══ Records for the task ══

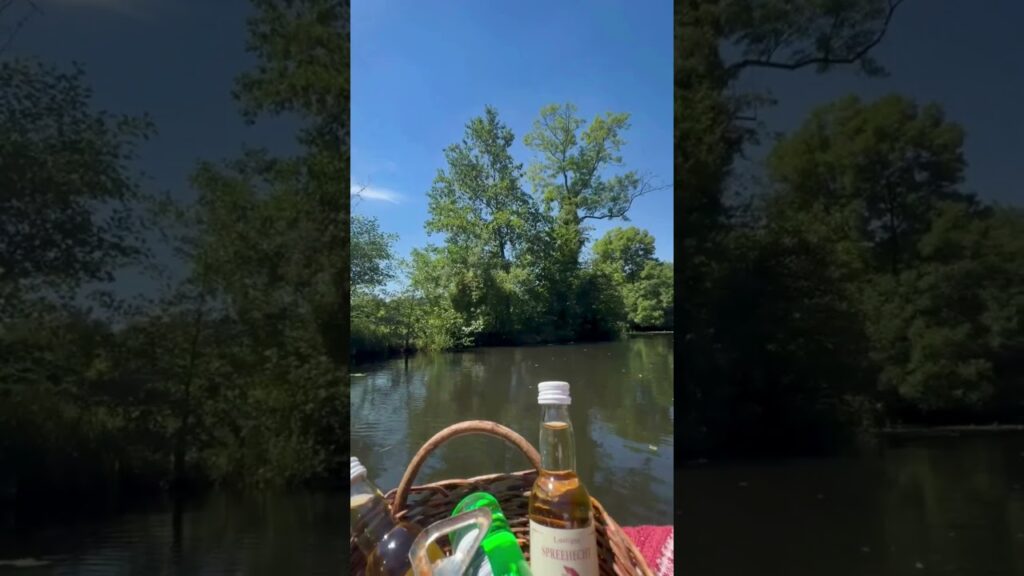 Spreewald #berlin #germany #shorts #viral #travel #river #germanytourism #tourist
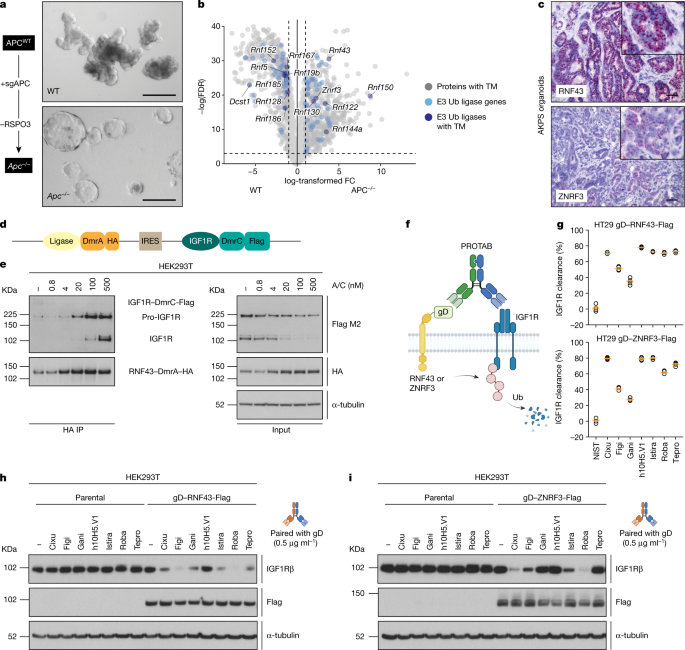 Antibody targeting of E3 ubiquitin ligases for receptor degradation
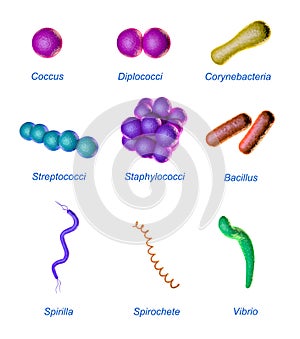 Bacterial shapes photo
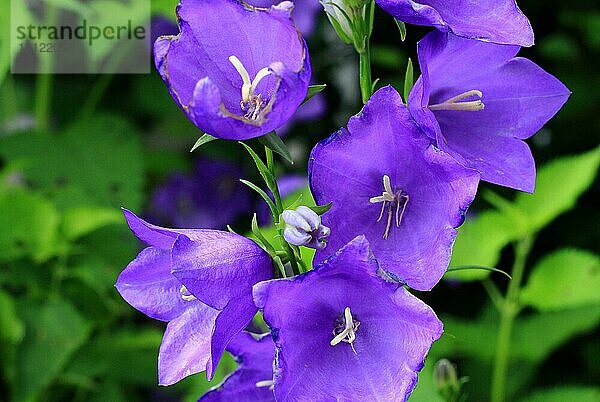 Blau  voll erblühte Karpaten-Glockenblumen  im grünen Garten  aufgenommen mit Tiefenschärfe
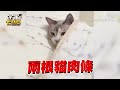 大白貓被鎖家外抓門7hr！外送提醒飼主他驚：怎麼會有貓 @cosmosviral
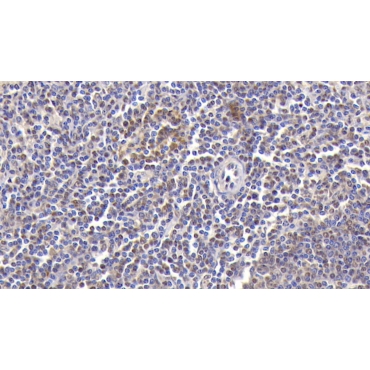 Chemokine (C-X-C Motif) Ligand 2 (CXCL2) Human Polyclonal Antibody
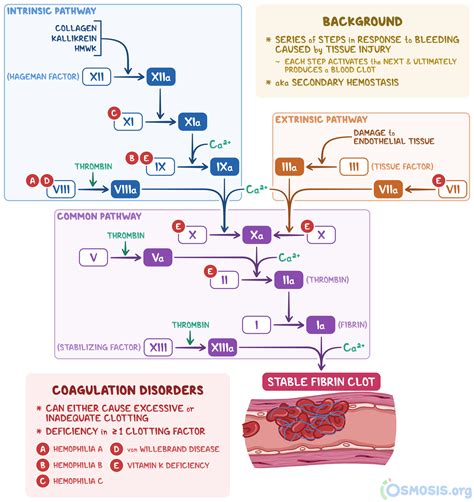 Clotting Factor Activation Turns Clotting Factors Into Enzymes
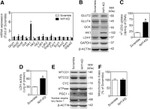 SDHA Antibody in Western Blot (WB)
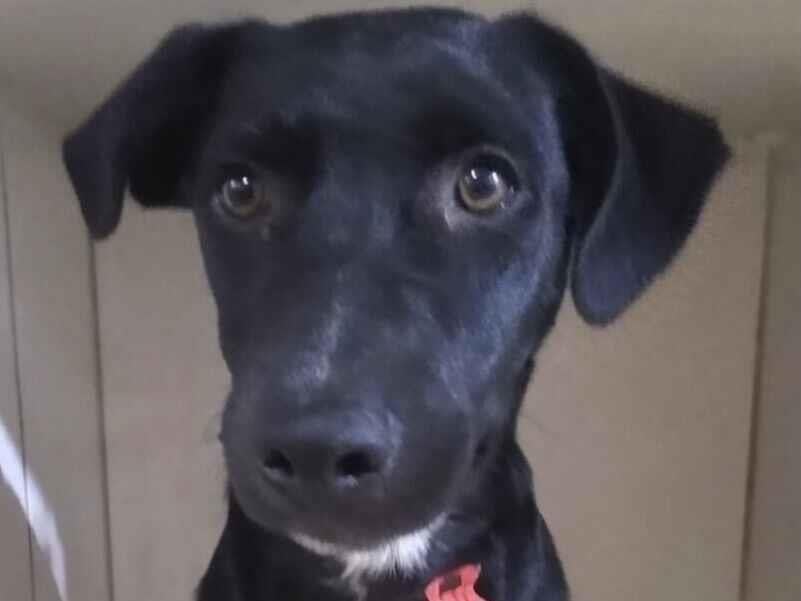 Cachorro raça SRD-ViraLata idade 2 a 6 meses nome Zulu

═══
══ Records for the task ══

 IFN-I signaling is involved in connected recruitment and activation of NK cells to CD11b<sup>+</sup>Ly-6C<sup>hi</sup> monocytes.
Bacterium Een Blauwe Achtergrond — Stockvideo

═══
══ Records for the task ══

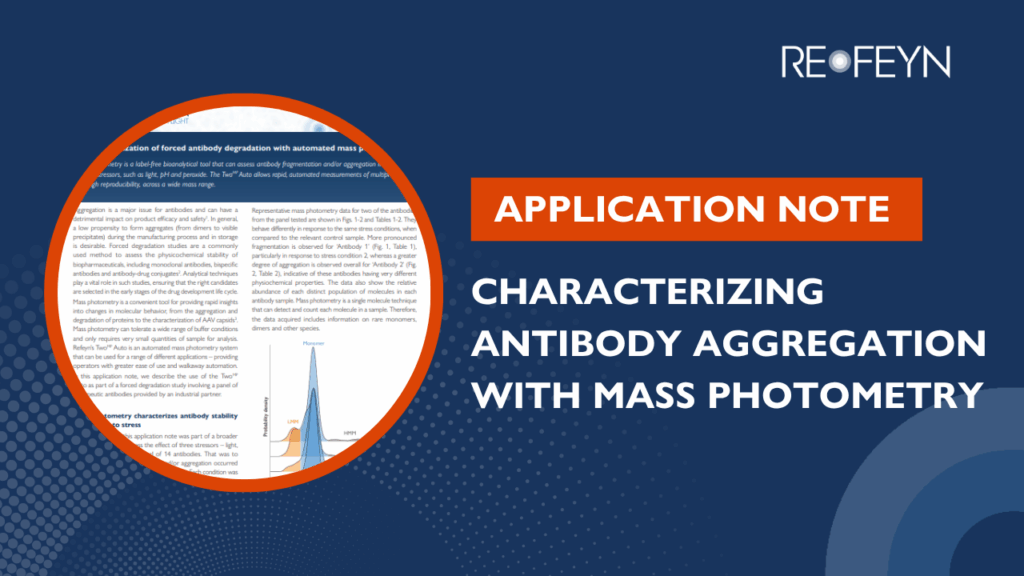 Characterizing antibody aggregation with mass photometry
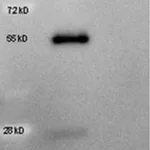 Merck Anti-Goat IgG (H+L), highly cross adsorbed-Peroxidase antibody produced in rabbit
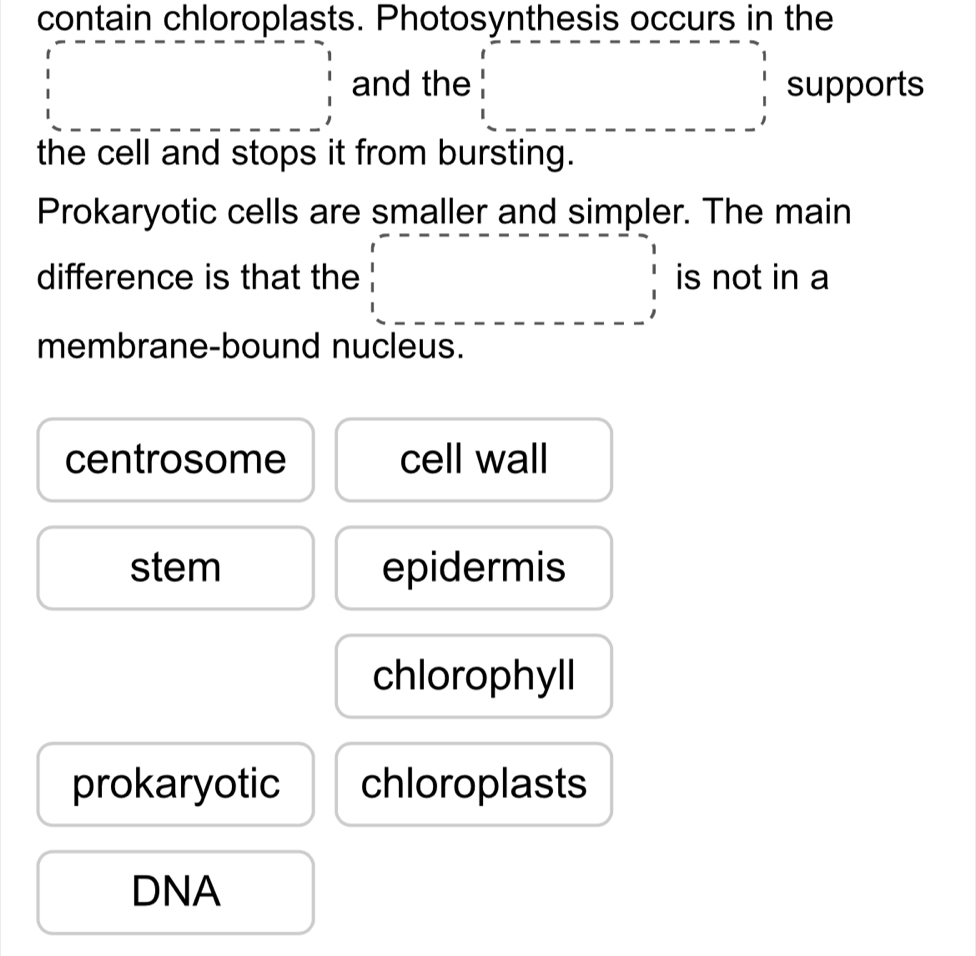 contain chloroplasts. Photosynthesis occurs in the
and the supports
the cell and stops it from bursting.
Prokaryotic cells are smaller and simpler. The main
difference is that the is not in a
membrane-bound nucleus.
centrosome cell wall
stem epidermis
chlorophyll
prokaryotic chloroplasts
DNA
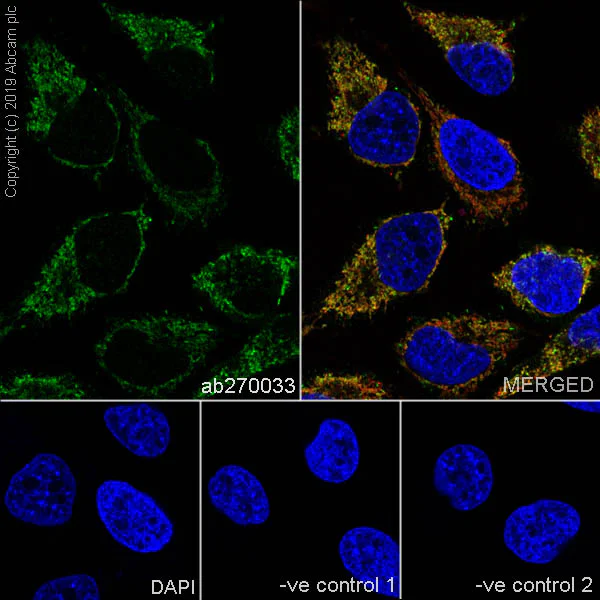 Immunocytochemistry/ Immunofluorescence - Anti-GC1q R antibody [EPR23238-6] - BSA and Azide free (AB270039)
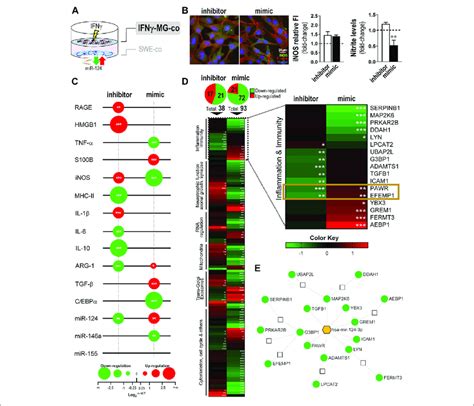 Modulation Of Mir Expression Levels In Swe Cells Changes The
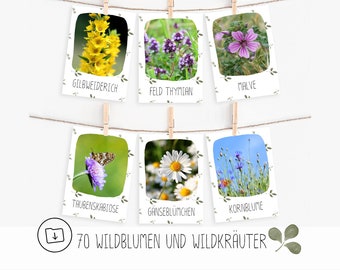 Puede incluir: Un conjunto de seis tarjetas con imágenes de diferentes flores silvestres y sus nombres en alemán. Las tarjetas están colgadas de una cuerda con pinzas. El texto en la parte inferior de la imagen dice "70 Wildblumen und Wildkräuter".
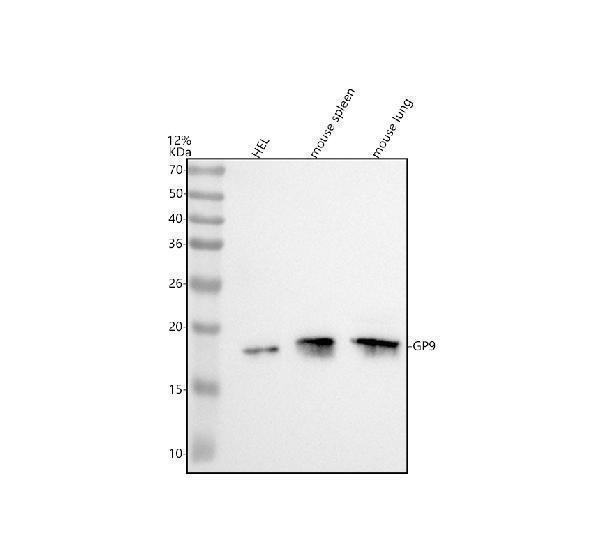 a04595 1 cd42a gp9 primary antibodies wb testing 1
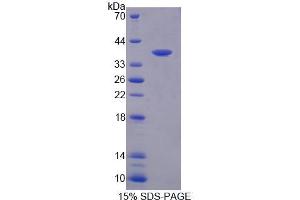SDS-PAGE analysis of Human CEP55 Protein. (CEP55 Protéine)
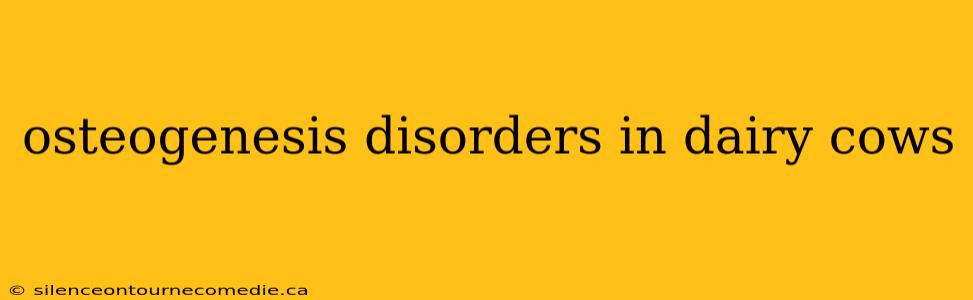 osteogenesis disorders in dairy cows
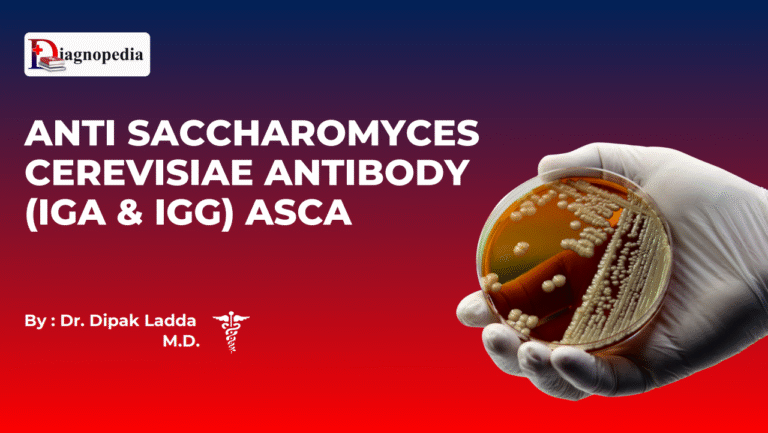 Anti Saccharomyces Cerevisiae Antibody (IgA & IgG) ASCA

═══

Aim of the exercise: Copy exactly the part of the material above that opens with the line containing "SDHA Antibody in Western Blot (WB)" and closes with the line containing "Cachorro raça SRD-ViraLata", ends included. Drop the images.

Completed exercise:
 SDHA Antibody in Western Blot (WB)
 Cachorro raça SRD-ViraLata idade 2 a 6 meses nome Zulu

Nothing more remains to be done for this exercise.